In Context: Sean Duffy on African-Americans and abortion

U.S. Rep. Sean Duffy, R-Wis., is under fire for comments about African-Americans and abortion. (AP file photo)
U.S. Rep. Sean Duffy, R-Wis., is under fire for comments about African-Americans and abortion. (AP file photo)

The Congressional Black Caucus is weighing whether to ask for a formal condemnation of U.S. Rep. Sean Duffy over comments the Wisconsin Republican made about high rates of abortion among African-Americans.

The Wausau Republican's remarks, made on the House floor on Jan. 7, 2016, drew a sharp reaction the next day from one of the caucus members, U.S. Rep. Gwen Moore, D-Milwaukee.

Moore said on the floor:

"I don’t expect Representative Duffy to understand why his comments were so offensive, nor do I anticipate him apologizing for them. What he and so many of his Republican colleagues fail to understand is the underlying context behind high abortion rates in African-American communities. High rates of abortion are related to poverty and lack of access to prevention services. A number of African-American women face multiple barriers to accessing quality, affordable health care, which can lead to higher rates of both unintended pregnancy and abortion.

"Representative Duffy’s hypocrisy on this issue is as predictable as it is offensive. If he truly believes that we all should be fighting for the ‘hopeless and voiceless’ among us, why doesn’t he stand with us as we defend Planned Parenthood, an organization committed to ensuring all communities, and especially those most in need, have access to high-quality care? ...

"It’s painfully obvious that Representative Duffy’s concern for life ends as soon as the umbilical cord is cut. That being said, I don’t believe that his comments were said in malice or meant to inflict harm. Representative Duffy’s rhetoric is indicative of someone who just doesn’t know any better. I suggest that Representative Duffy educate himself on these critical issues."

The reactions lead us to offer In Context, our periodic feature that fleshes out sound bites that gain widespread attention.

Following is a key portion of Duffy’s remarks, which were made in connection with the anniversary of Roe v. Wade, the 1973 U.S. Supreme Court decision that legalized abortion.

Duffy began by saying he has heard many liberals decry the "targeting and unfair treatment" of African-Americans in the criminal justice system and elsewhere in society. Then he said:

"I hear a lot in this institution from minority leaders about how their communities are targeted. But what I don’t hear them talk about is how their communities are targeted in abortion.
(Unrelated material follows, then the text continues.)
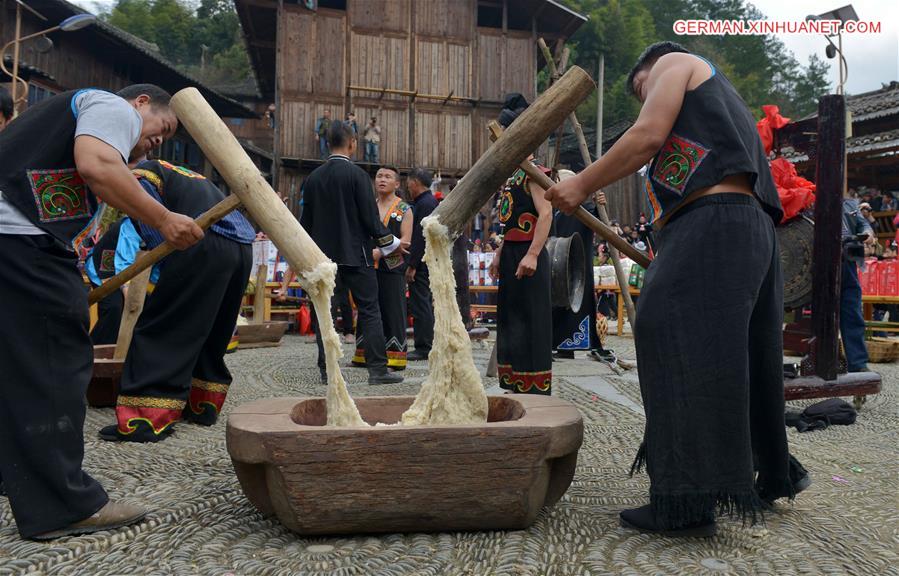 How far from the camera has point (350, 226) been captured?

"There are some stunning facts. The African-American community is 15 percent of the country as a whole, but account for 40 percent of the abortions -- 15 percent of Americans, 40 percent of the abortions.

"In New York City, the most recent stat, African-American women had more abortions than live births.
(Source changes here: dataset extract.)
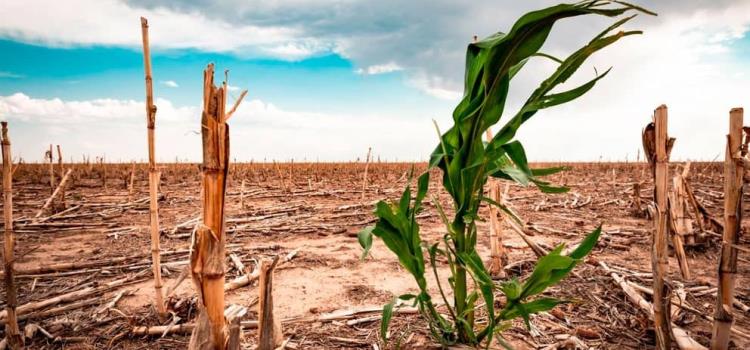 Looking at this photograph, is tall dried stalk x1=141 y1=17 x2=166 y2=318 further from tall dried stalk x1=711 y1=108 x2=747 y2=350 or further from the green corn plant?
tall dried stalk x1=711 y1=108 x2=747 y2=350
"There is a targeting going on, in a lot of spaces, in a lot places. And it’s going on in the abortion industry.

"And my friends, my liberals, Congressional Black Caucus members, they talk about fighting for the defenseless and the hopeless and the downtrodden. But there is no one more hopeless and voiceless than an unborn baby. But their silence is deafening. I can't hear them. Where are they standing up for their communities, advocating and fighting for them, their right to life?
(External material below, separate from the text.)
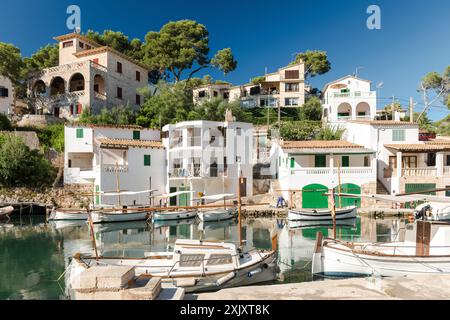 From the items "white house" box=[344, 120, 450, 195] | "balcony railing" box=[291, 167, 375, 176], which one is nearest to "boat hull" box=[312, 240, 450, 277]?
"balcony railing" box=[291, 167, 375, 176]

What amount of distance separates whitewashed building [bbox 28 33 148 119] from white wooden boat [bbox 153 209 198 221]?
22238 millimetres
"Black lives matter. They do. And Indian. And Asian. Hispanic and white. All those lives matter. We should fight for all life, including life of the unborn.

"We’ve talked about this a lot tonight. In two weeks, there’s going to be an amazing march that takes place right here at the Capitol. And you are going to see tens of thousands of people come out and support life. Now, you’re not going to see the national media cover this; they’re going to ignore it. Tens of thousands of people.

"Just think, how powerful that rally is going to be when you have Rev. Al Sharpton standing on the stage talking about how he’s going to fight for his community and his unborn babies and all the Congressional Black Caucus standing behind him going, you know what, we are going to fight for the defenseless and voiceless little babies in our community that are being targeted.

"And just think, if our president, who sheds a tear for violence, goes to the West Wing (of the White House) and sheds a tear for the unborn. I can only hope -- and pray."